— MATERIAL FOR THIS TASK —
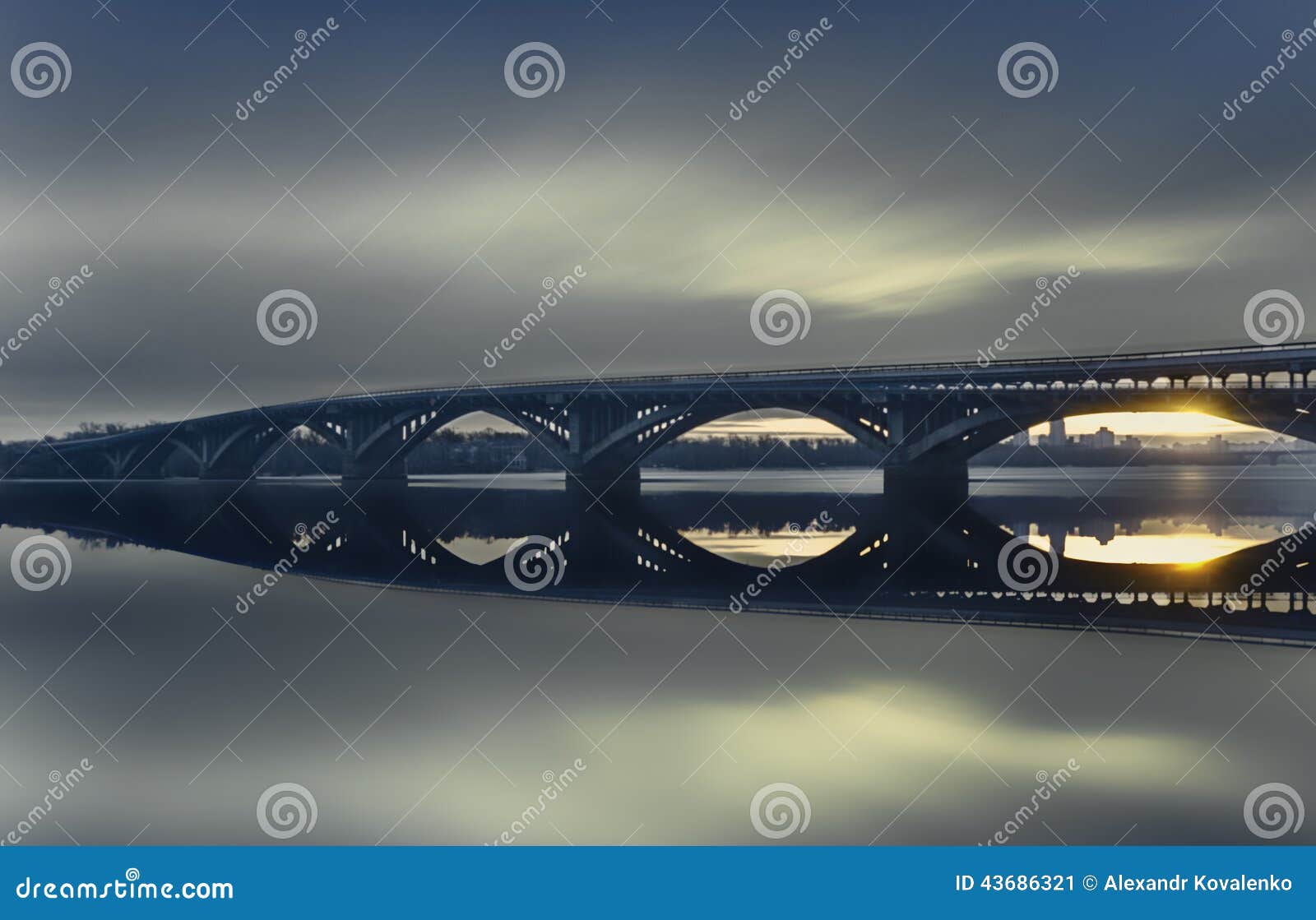 Morning silence. Photo of the bridge over the river, the surface water transfers greatness facilities. The sun reflected on the water surface slips under the bridge.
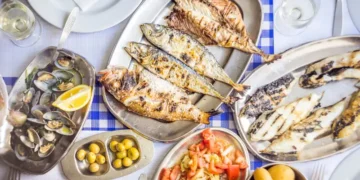Barbecued sea bass, golden, horse mackerel accompanied with tomato salad, clams, bread and white wine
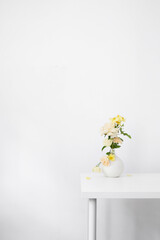 beautiful bouquet in white vase in white interior
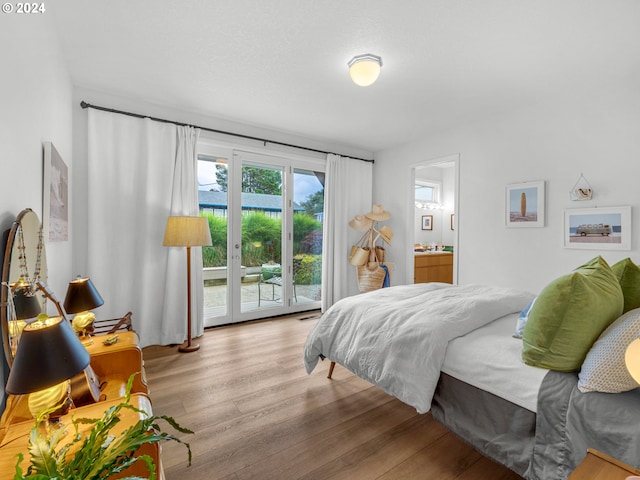 bedroom featuring access to exterior, connected bathroom, and light hardwood / wood-style floors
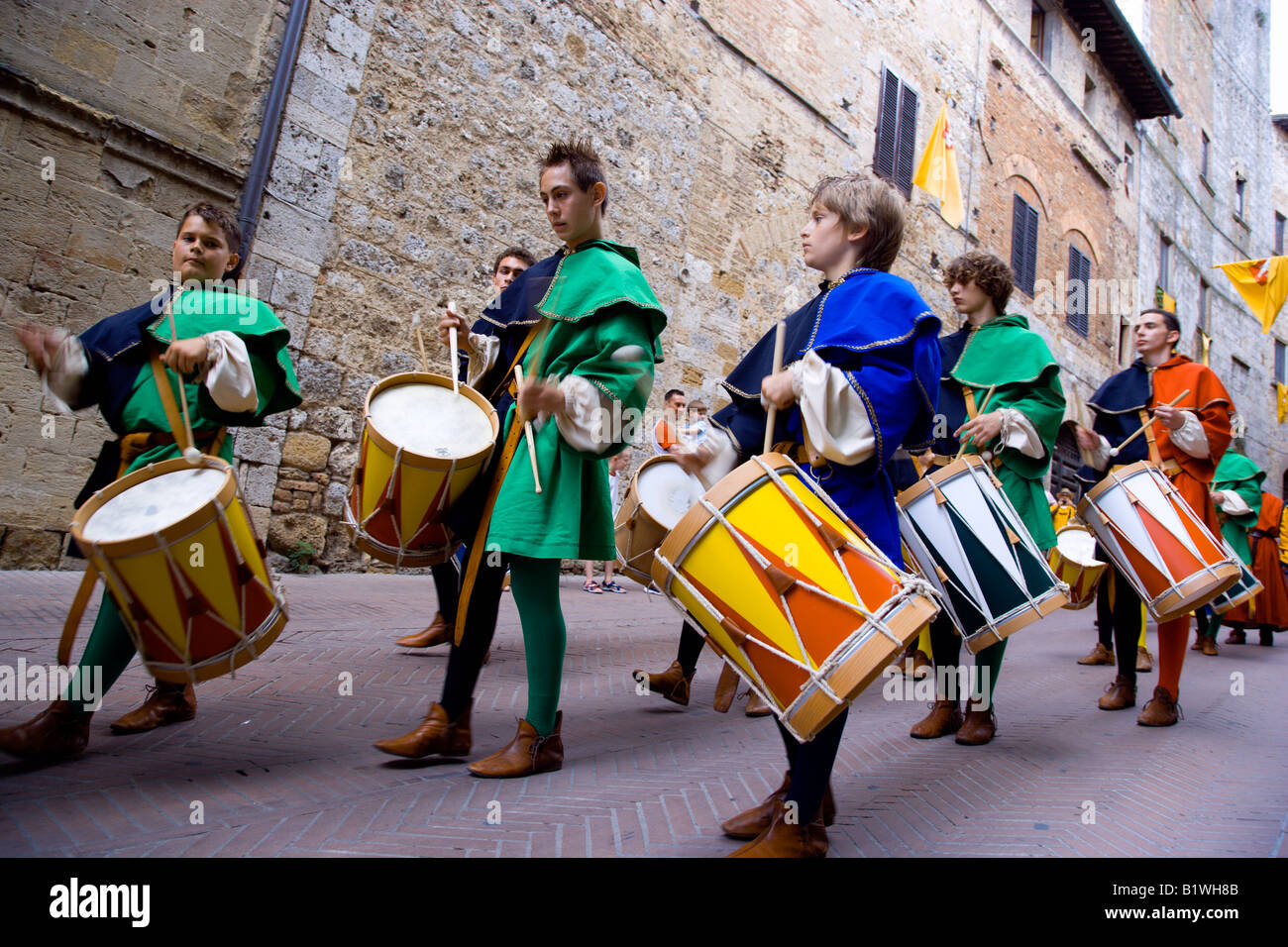 Italia Toscana San Gimignano ragazzi e giovani uomini in costume medievale di tamburi in sfilata per le strade durante il corteo storico Foto Stock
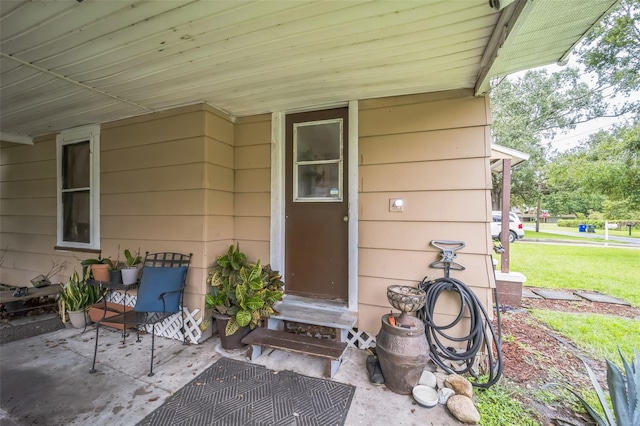 property entrance with a yard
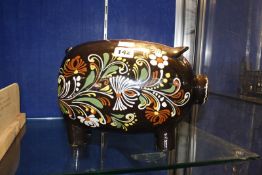 A pottery pig money box, 19cm highBest Bid
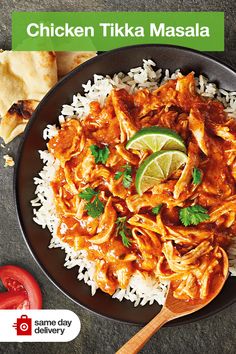 chicken tikka masala served with rice and garnished with cilantro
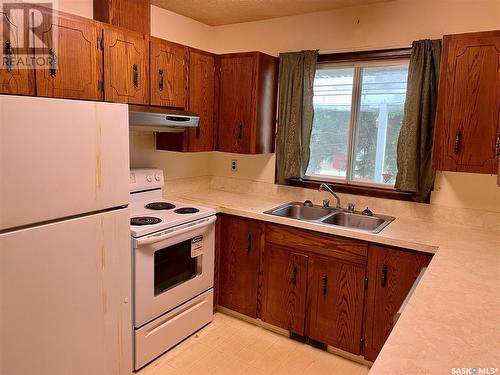 212 2Nd Street E, Nipawin, SK - Indoor Photo Showing Kitchen With Double Sink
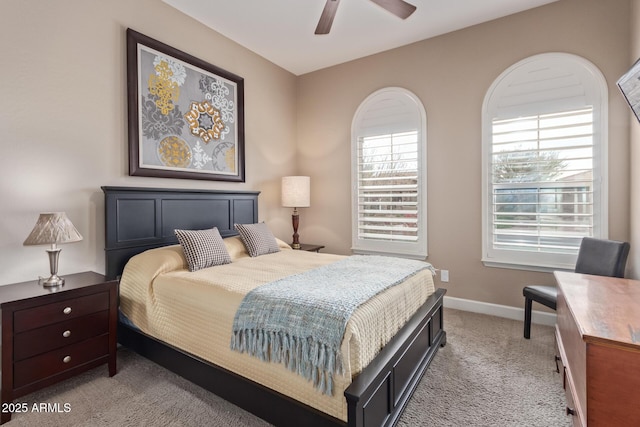 bedroom featuring light colored carpet and ceiling fan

— PROBLEM —
Omitting the pictures, write out the material above exactly as it stands.

— TASK SOLUTION —
 Morning silence. Photo of the bridge over the river, the surface water transfers greatness facilities. The sun reflected on the water surface slips under the bridge.
Barbecued sea bass, golden, horse mackerel accompanied with tomato salad, clams, bread and white wine
 beautiful bouquet in white vase in white interior
 bedroom featuring access to exterior, connected bathroom, and light hardwood / wood-style floors
 Italia Toscana San Gimignano ragazzi e giovani uomini in costume medievale di tamburi in sfilata per le strade durante il corteo storico Foto Stock
 property entrance with a yard
 A pottery pig money box, 19cm highBest Bid
 chicken tikka masala served with rice and garnished with cilantro
 212 2Nd Street E, Nipawin, SK - Indoor Photo Showing Kitchen With Double Sink
 bedroom featuring light colored carpet and ceiling fan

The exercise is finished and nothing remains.